Une ville inadaptée à l’urgence climatique

« Avant la guerre, beaucoup d’immeubles étaient vides, sans lumière et sans vie », décrit Natia Apkhazava, du Civil Society Institute, organisme de lutte contre les inégalités. Une conséquence de l’évolution rapide mais chaotique de la ville. « À l’époque, le gouvernement ne s’intéressait pas à la façon dont les immeubles allaient vraiment bénéficier aux habitants de Batoumi sur le long-terme, déplore Natia Apkhazava. L’objectif était de construire, pas d’améliorer la ville. » Au détriment des enjeux écologiques. « Cette urbanisation rapide a détruit la nature et l’environnement. Elle a aussi empiré la pollution de l’air », tempête Shota Gujabidze. L’écologiste est membre de l’association Society Batom, opposée à la transformation dérégulée de Batoumi. 
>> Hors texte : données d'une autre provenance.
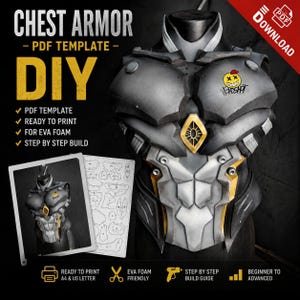Puede incluir: Una plantilla PDF de armadura de pecho DIY con una pieza de torso gris oscuro y dorada con un logo de cara sonriente amarilla. El gráfico incluye el texto CHEST ARMOR, PDF TEMPLATE, DIY, READY TO PRINT, FOR EVA FOAM, STEP BY STEP BUILD y DOWNLOAD.
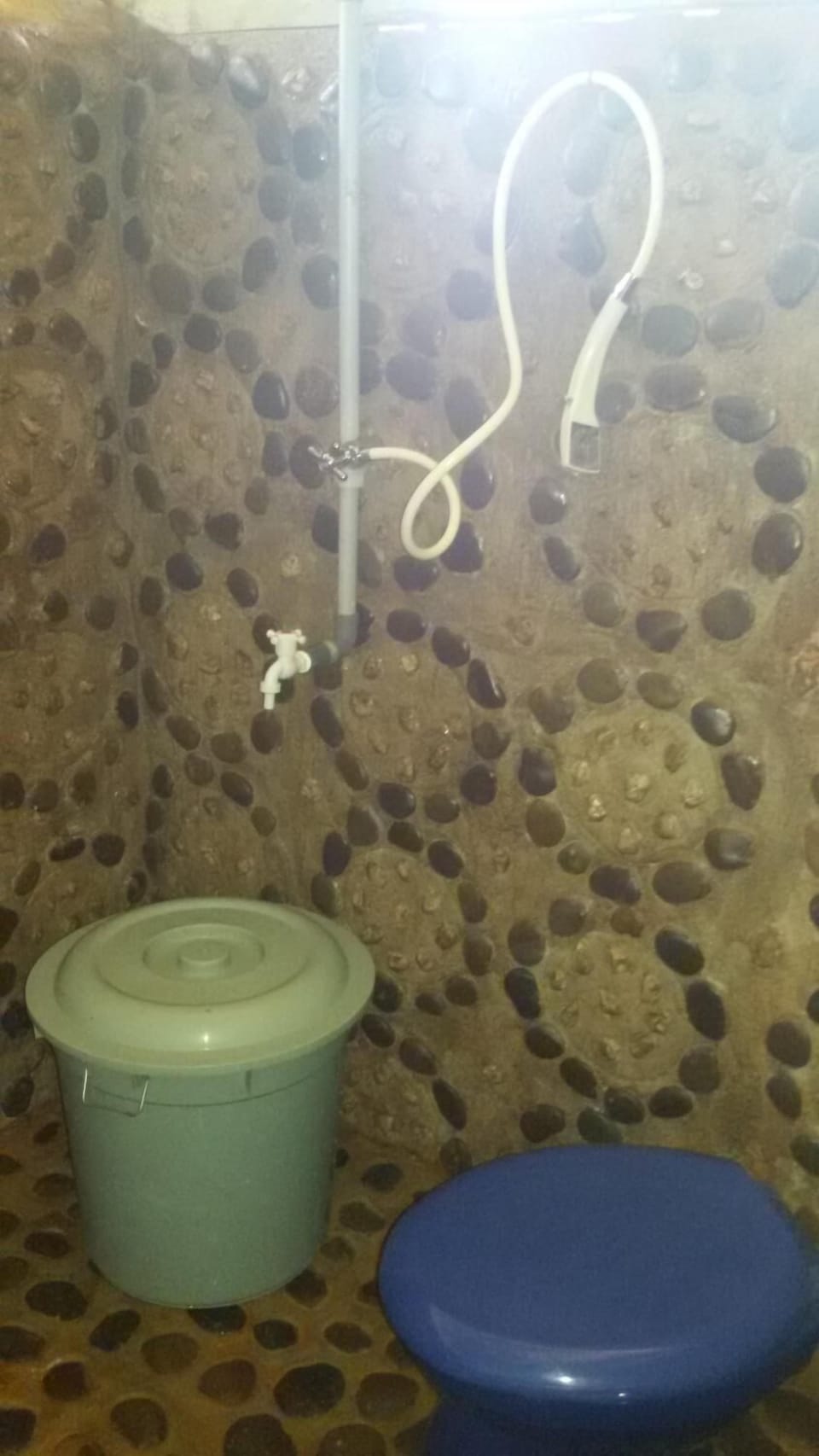 Shower, bathrobes, slippers, towels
Cette urbanisation désordonnée a parfois laissé sur le carreau habitants et bâtiments. Ana a 90 ans et vit depuis plus de 70 ans à Batoumi. « Aujourd’hui, les prix sont plus hauts, et ma maison n’est pas aussi bien qu’avant. J’avais plus d’argent, un meilleur travail, je pouvais acheter tout ce que je voulais. Tout a augmenté », témoigne-t-elle, assise devant sa minuscule épicerie. S’il pouvait parler, le Magnolia Building tirerait sûrement les mêmes conclusions que la Géorgienne. Son histoire est aussi édifiante que son apparence. Une arcade blanche aux épaisses colonnes romaines précède une cour entourée de 900 appartements à la façade lépreuse et noire de moisissure. Sur les 13 étages, quatre ont été ajoutés illégalement, conduisant à la condamnation du promoteur immobilier. Ce dernier a ensuite fait faillite et laissé l’immeuble à l’abandon, en proie à une détérioration accélérée. Le bâtiment n’a que 12 ans mais il en paraît 100 et fait pâle figure par rapport au McDonald’s en forme de vaisseau futuriste qui lui fait face. Plusieurs appartements vides sont désormais des dépotoirs à l’odeur nauséabonde. L’endroit avait pourtant vocation à devenir un établissement haut de gamme avec piscine et service de chambre.